→ **Task goal**
Please copy, exactly and with no pictures, only the lines from the one containing "Нарощення вій /" through the last line of the records.

→ **Data to use**
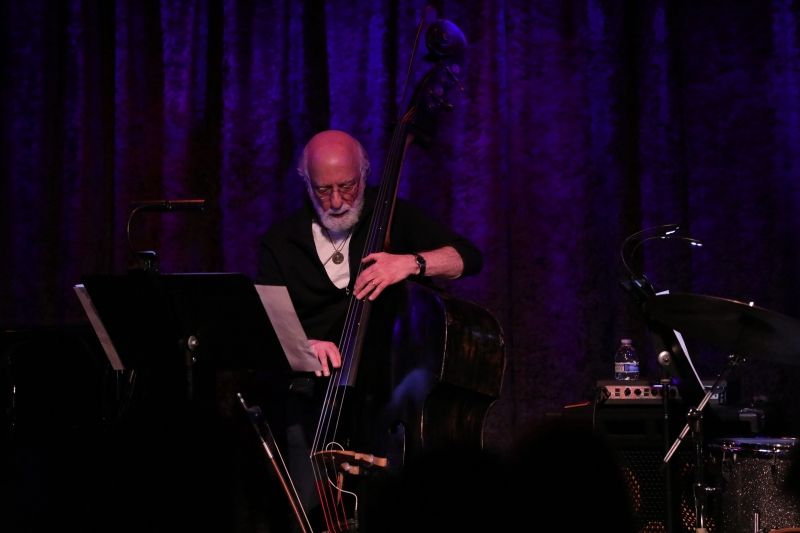 Photos: March 29th THE LINEUP WITH SUSIE MOSHER at Birdland Theater by Stewart Green  Image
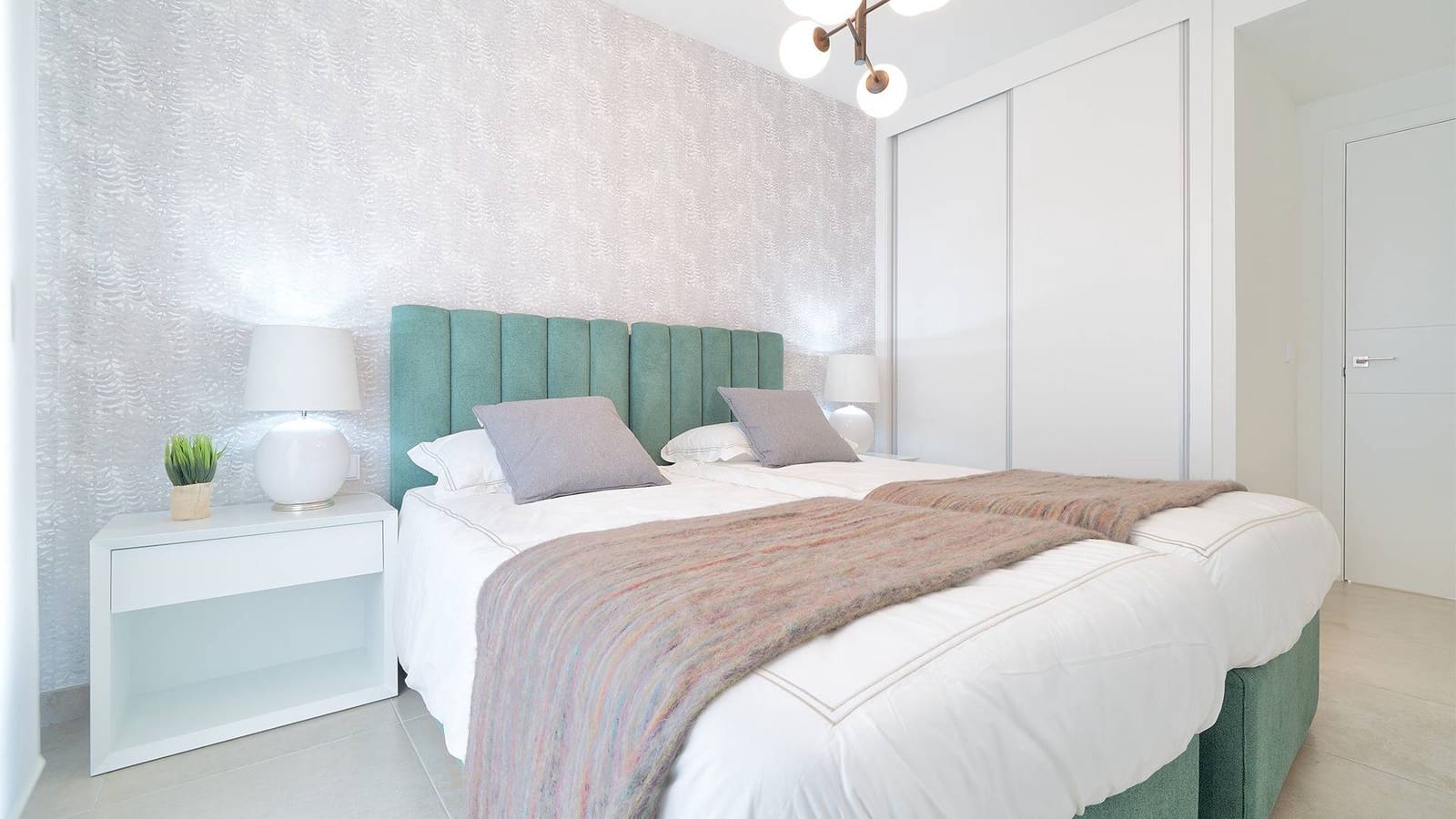 3 makuuhuone Huoneisto myytävänä paikassa Atalaya-Isdabe mukana uima-altaan - 732 000 € (Ref: 8849543)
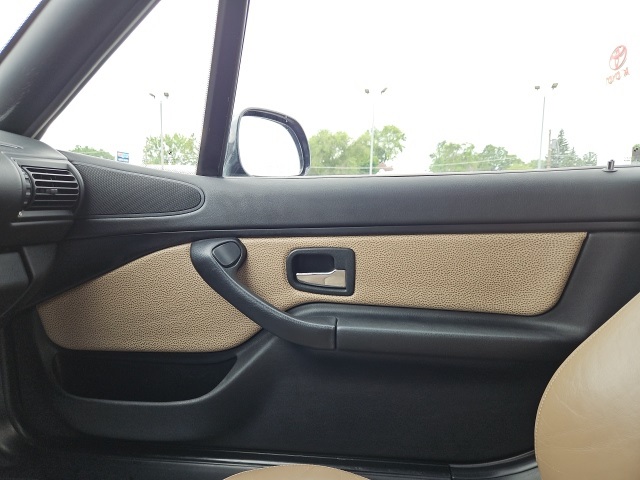 1998 Bmw Z3 2.8 photo 17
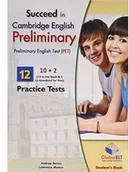 Książki do nauki języka angielskiego - Succeed in Cambridge English Preliminary (PET). Podręcznik - miniaturka - grafika 1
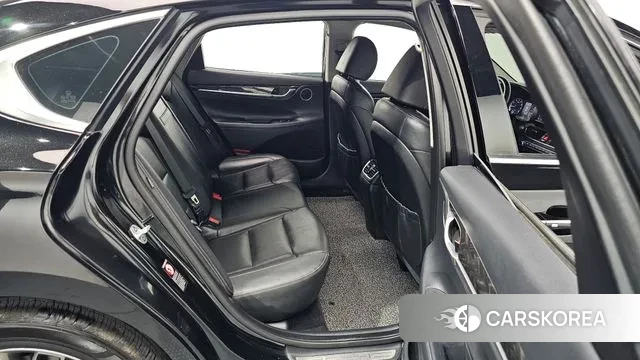 Hyundai Grandeur IG 2019 Черный из Кореи, фото 2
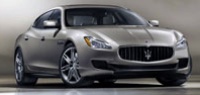 Maserati Quattroporte: горячие подробности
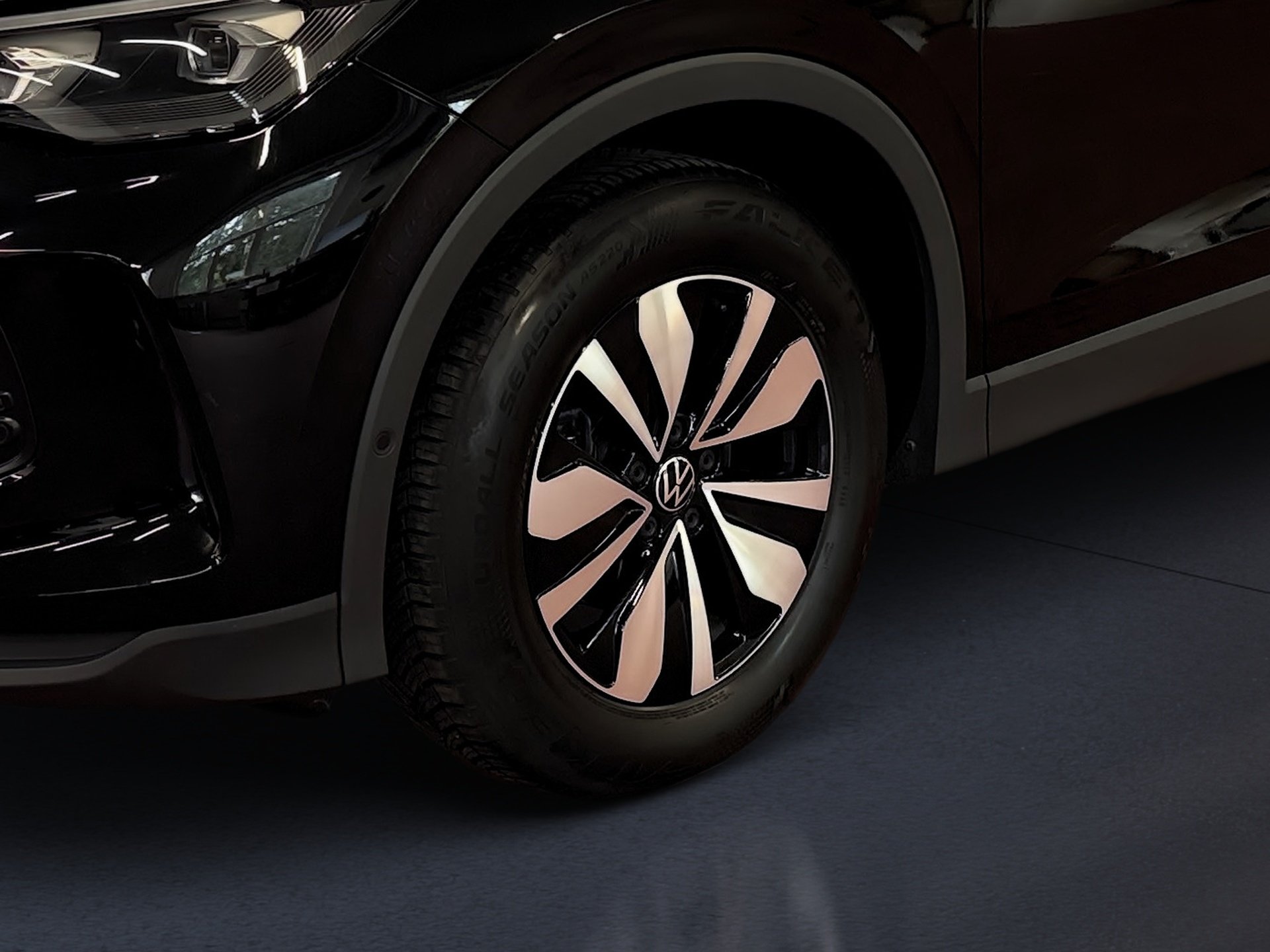 Tiguan 1.5 eTSI GOAL DSG HD-Matrix AHK Navi ACC 360°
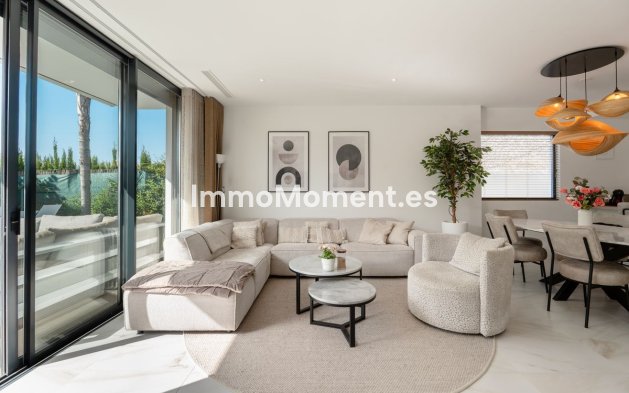 Bestaande woning - Vrijstaande villa - Estepona  - Selwo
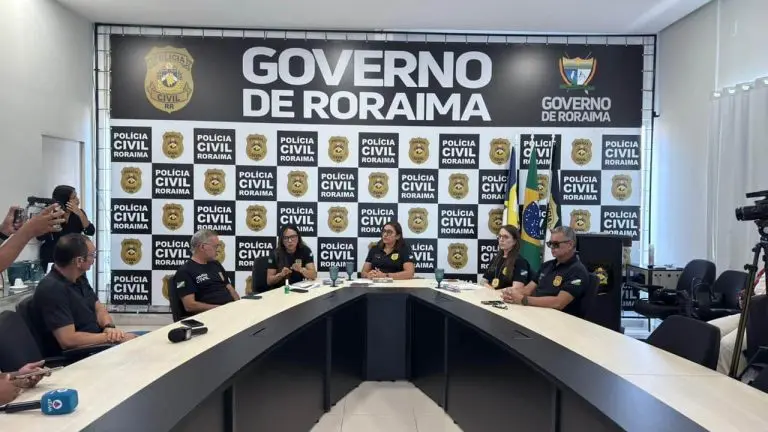 Policia Civil prende 54 pessoas por crimes relacionados a violencia contra a mulher Ascom PCRR 1
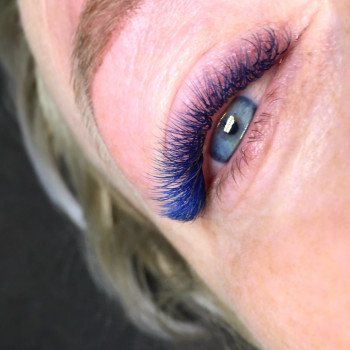 Нарощення вій / Нарощування вій/ Наращивание ресниц
                    Майстер перманентного макіяжу Олександра Тернопіль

→ **Output below**
 Нарощення вій / Нарощування вій/ Наращивание ресниц
                    Майстер перманентного макіяжу Олександра Тернопіль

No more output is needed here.